Bugün yapmaya çalıştığınız şey, bir grup önerisiyle İç Tüzük'ü değiştirmektir. Eylemli bir İç Tüzük ihdası yapıyorsunuz ama bunu İç Tüzük değişikliğiyle değil, grup önerisiyle yapmaya çalışıyorsunuz. Ve iddianız şu ki İç Tüzük'ün 19'uncu maddesi bize her durumda grup önerisi getirme yetkisini veriyor. Buna bir şüphe yok, ancak getirdiğiniz öneri Anayasa değişikliği olsa burada grup önerisiyle getirip geçirebilir misiniz? Hayır; sayısı bellidir, usulü bellidir.

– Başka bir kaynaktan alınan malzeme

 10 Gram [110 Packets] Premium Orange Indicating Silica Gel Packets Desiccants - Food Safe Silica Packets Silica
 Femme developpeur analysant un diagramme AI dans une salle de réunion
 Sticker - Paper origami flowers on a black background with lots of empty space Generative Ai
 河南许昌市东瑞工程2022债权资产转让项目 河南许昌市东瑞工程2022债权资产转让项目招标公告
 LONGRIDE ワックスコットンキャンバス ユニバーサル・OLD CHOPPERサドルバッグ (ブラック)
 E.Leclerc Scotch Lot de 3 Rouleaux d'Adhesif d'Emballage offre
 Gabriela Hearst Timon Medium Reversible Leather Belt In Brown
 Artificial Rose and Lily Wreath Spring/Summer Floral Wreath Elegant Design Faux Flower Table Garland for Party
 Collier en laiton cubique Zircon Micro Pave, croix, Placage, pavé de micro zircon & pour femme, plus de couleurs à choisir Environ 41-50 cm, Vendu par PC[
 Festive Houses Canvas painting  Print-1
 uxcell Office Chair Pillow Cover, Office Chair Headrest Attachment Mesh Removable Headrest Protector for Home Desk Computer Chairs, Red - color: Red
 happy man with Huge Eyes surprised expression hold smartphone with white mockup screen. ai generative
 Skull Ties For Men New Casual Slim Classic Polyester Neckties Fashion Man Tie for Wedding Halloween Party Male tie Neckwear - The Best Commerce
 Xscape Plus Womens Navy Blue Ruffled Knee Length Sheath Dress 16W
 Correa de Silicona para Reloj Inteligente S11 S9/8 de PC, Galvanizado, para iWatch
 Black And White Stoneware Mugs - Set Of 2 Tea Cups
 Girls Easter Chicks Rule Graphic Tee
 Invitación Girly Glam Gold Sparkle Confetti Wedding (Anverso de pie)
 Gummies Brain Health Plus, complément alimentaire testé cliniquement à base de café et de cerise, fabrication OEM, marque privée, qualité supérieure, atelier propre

Getirdiğiniz öneri İç Tüzük değişikliğiyse, bunu İç Tüzük değişikliğine uygun şekilde önce Komisyona göndermeniz gerekirdi. Bugün sizin iddianız, bu süreleri değiştirip artırıp azaltmaya yetkili olduğunuz. Neye dayanarak buna gidiyorsunuz? İç Tüzük'teki ilgili maddeye. Peki, bu İç Tüzük ne zaman değişmiş, bu madde ne zaman gelmiş? 13 Şubat 1973, Tutanak Dergisi. Demokrat Partili Milletvekili, Allah rahmet eylesin, iddialarda bulunuyor. Anayasa Komisyonu Başkanı Sayın Cevdet Akçalı diyor ki: "Biz bu önergeye katıldık ama bu, söz haklarını kısıtlamak üzere değil; bu, örneğin bütçe görüşmesi gibi görüşmelerde söz 
haklarını artırmaya yönelik kullanılacaktır. O günden bugüne bu hiç değişmemiş. Kaldı ki hem 60'ın sonunda, Sayın Başkanın ifade ettiği ifade de aynen şöyle söylüyor: "İçtüzükte başka bir süre belirtilmemiş veya aksi, Danışma Kurulunun teklifiyle Genel Kurulca kararlaştırılmamışsa siyasî parti grupları, komisyon ve Hükümet adına yapılan konuşmalar yirmi, üyeler tarafından yapılan konuşmalar on dakika ile sınırlıdır." Bunun aksine bir karar alınmadıysa on dakikayla sınırlı diyor, üst sınırı tarif ediyor. On dakikayla sınırlı, eğer aksine karar alırsan yirmiyi altmış yapabilirsin. Yapıyor muyuz? Evet, 4 parti anlaşıyoruz, bu maddeye dayanarak bütçe görüşmelerinde altmış yapıyoruz? Bir gün oturup "Konu mühimdir, bunu yirmi değil kırk görüşelim." diyebilir miyiz? Deriz. Danışma Kurulu teklif edecek, burada görüşülecek, üst sınır kırka getirecek. Ancak asla ve asla burada şöyle bir ifade yok: Danışma Kurulunun önerisi diyor, bir kere öneri yok, olsa dahi indiremezsin.
(Mikrofon otomatik cihaz tarafından kapatıldı)

BAŞKAN - Sözlerinizi tamamlayın Sayın Özel.

ÖZGÜR ÖZEL (Devamla) - Üst sınır yirmiyle sınırlıdır, onu değiştirebilirsin diyor. Siz diyorsunuz ki: Şimdi bu üstlenir yirmiyi biz üç dakikaya indireceğiz. Böyle bir hakkınız yok, hep söylüyoruz. Bir: Yazılı kural var. İki: İngiltere parlamentosundan başlamak üzere bazı uygulamalar… Yerleşik uygulamalar yazılı kurallardan güçlüdür. Bununla ilgili Meclis kütüphanesinde Meclisin geçmiş dönem genel sekreterleri, Kanunlar Kararlar Daire başkanları cilt cilt kitap yazmış ve yerleşik uygulamanın gücünden bahsediyor. Meclis Başkan Vekiline verilen görev, Meclisi bu İç Tüzük'e ve yerleşik uygulamalara uygun şekilde yönetmektir. Bugün getirdiğiniz teklif hem yerleşik uygulamalara hem İç Tüzük'e açıkça aykırıdır. Bunu Başkanın işleme almaması son derece doğaldır. Bunu işleme aldığı takdirde… Aklınız alıyor mu, yirmi dakika beş dakikaya inecek, on dakika üç dakikaya inecek. Beyefendi, bu kadar bonkör davranmayın! Sayın Elitaş, İç Tüzük'ümüzün katili, bu yirmi dakikayı bir dakikaya indirin!